In B2B, things are very different. Many leads you will collect via LinkedIn and Facebook™ ad campaigns are company interns or junior buyers. Of course, if your products are basic office supplies, an office administrator or assistant manager is qualified enough to make the purchasing decision. But what we are talking about here is specialised business products and services, such as an ERP software suite or a video security system.
The More Disruptive the Product, the Higher the Position of the Decision Maker
The rule of the thumb is that the more your product will change the operations and business processes of a company, the higher you must go in the organisational chart in order to find a qualified decision maker.
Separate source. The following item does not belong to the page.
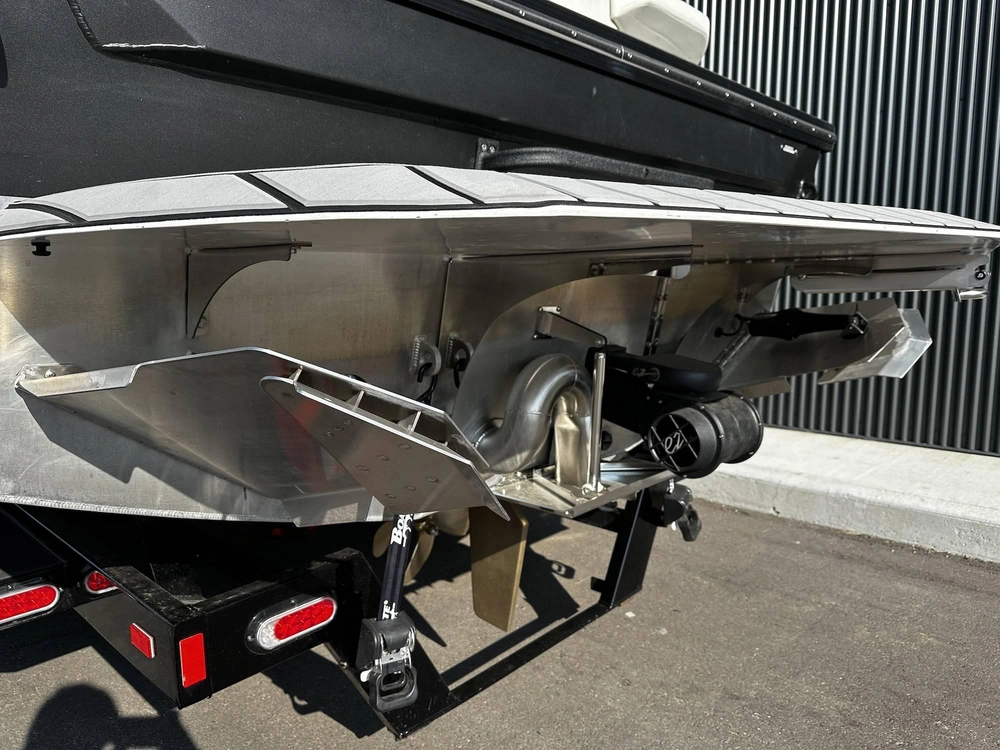 2024 Montara Surf Boss 2.0 alt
Of course, along the way, you will encounter lots and lots of gatekeepers, starting with the junior buyer and ending with the CEO’s executive assistant. What you really need is to get your marketing message in front of the CEO or, at least, in front of the purchasing manager. According to a research conducted by Kinesis Inc., 4.5 persons are involved in a corporate buying decision.
In order to increase your chances of reaching at least one of these qualified persons, you need to:
1. Build Relationships All the Way to the Top
As we hinted above, you will reach a lot of gatekeepers before you get to meet the decision maker. Although they cannot put their signature on the purchasing contract, these persons need to be cultivated and nurtured with content and targeted ads. In the end, their word will have some weight in the ultimate purchasing decision.
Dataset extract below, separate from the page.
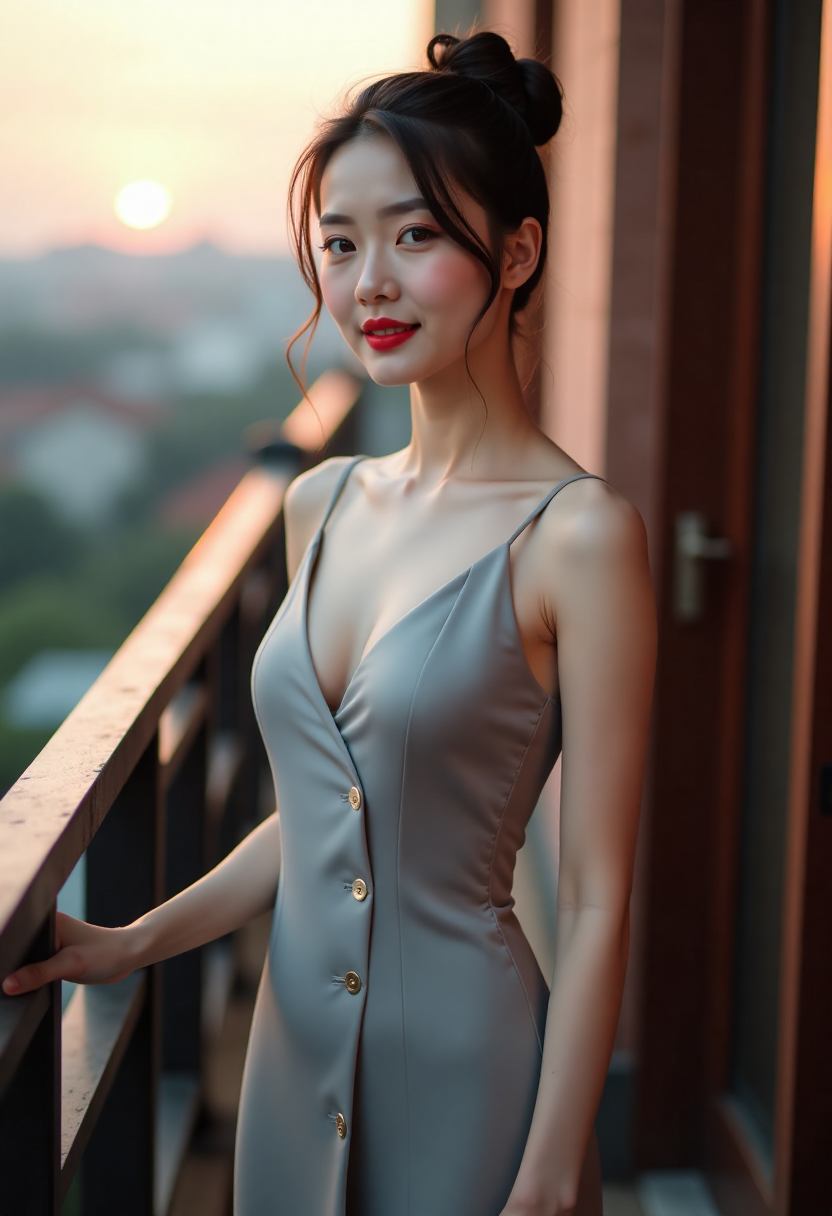 霓裳羽衣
This is proven by a survey among decision makers conducted by eMarketer. The respondents stated that they base their corporate buying decisions on:
95% peers and colleagues
86% independent content
81% vendor websites.
Thus, you should not discard the lower corporate ranks from your target audiences. Indirectly, they are a part of the decision making process in the organisation.
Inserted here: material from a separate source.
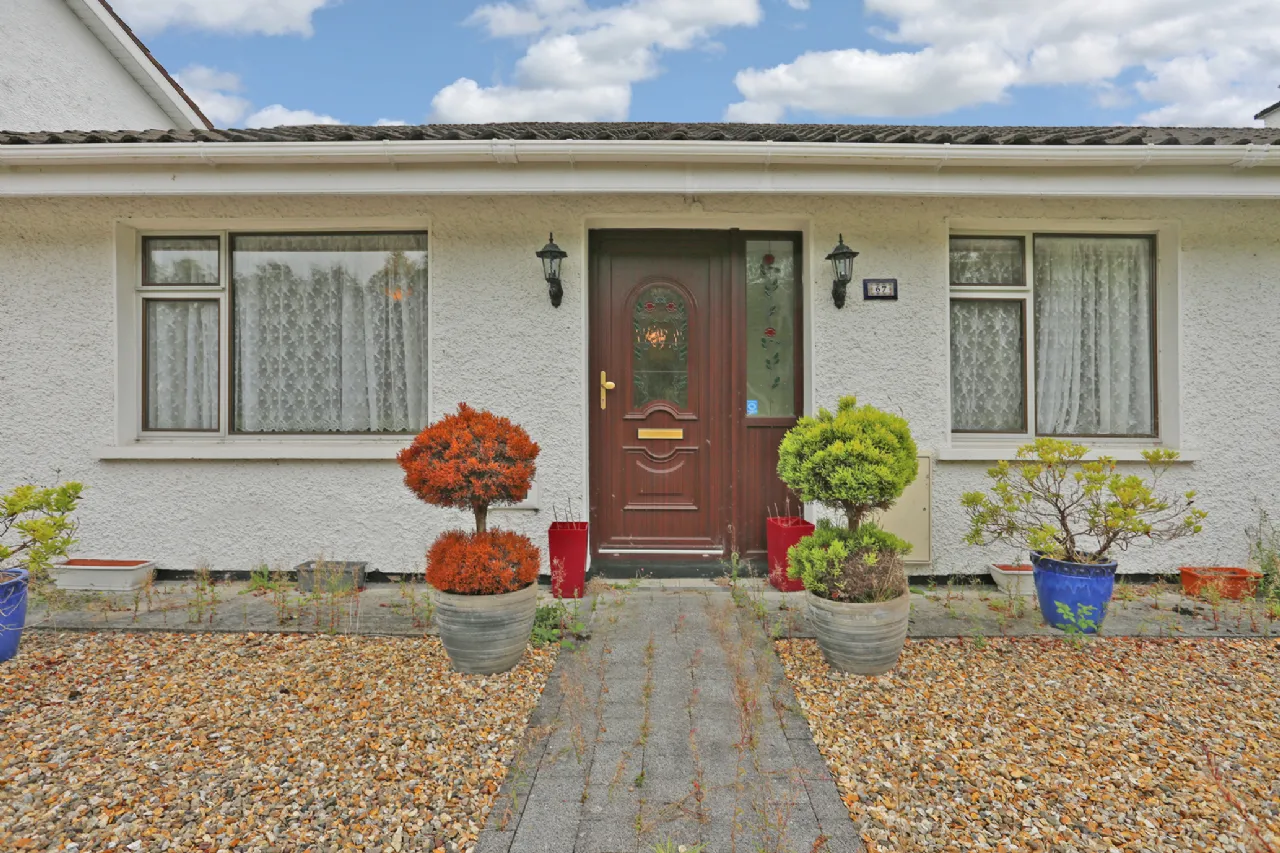 Photo of 67 Tola Park, Shannon, Clare, V14 R974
2. Tell Interesting Stories Instead of Pushing Sales Pitches
B2B decision makers know that marketers see them as big, fat wallets – and they are tired of this stereotype. Sure, they do not purchase the products and services to satisfy their own needs, but those of an abstract entity – the company they work for. But they are still people and want to be treated as such.
In the end, the products and services they choose will make their own work more efficient and productive. So hone your B2B marketing messages to include the human touch you generally see in B2C marketing copy.
3. Understand the Organisation behind the Decision Maker
In the B2B world, marketing personalisation has a different approach from the same activity for B2C marketing. In this situation, your message must be adapted not only to the role of the decision maker (financial manager, CEO, purchasing consultant) but also to the specific of the company.
Is this a laborious task? Probably, but in the end it pays off. Of course, you do not have to go in very deep detail for each individual organisation you pitch to. But you should have at least a specific approach for tech companies, another for financial-banking institutions, etc.
4. Use a Multi-Channel Approach
Corporate decision makers are active on various digital channels. Many of them start their day by reading their email and then checking their LinkedIn newsfeed. You should understand the patterns of behaviour of your target audience and create a multi-channel approach.
Why is it important to do so? Decision makers are notoriously busy people. You may have attracted their attention with a piece of content, but it will be soon lost as important work tasks occur. This is why retargeting and multi-channel approach are so important in B2B marketing. You need to work hard to remind the potential lead of the interest they originally had in the solution you presented them and decide to download the lead magnet you prepared for them.
5. Leverage the Power of Referrals
As indicated by the survey we shared above, decision makers rely primarily on peers and colleagues in making a purchasing decision. Some of their peers are your existing customers. So, leverage the good relationship you have with them. Ask them for testimonials and, as far as NDAs allow it, share as many details as possible about the referrer in your marketing content.
This kind of endorsement will add weight to your claims; especially if the author of the testimonial is a person your prospect has done business with and knows them personally.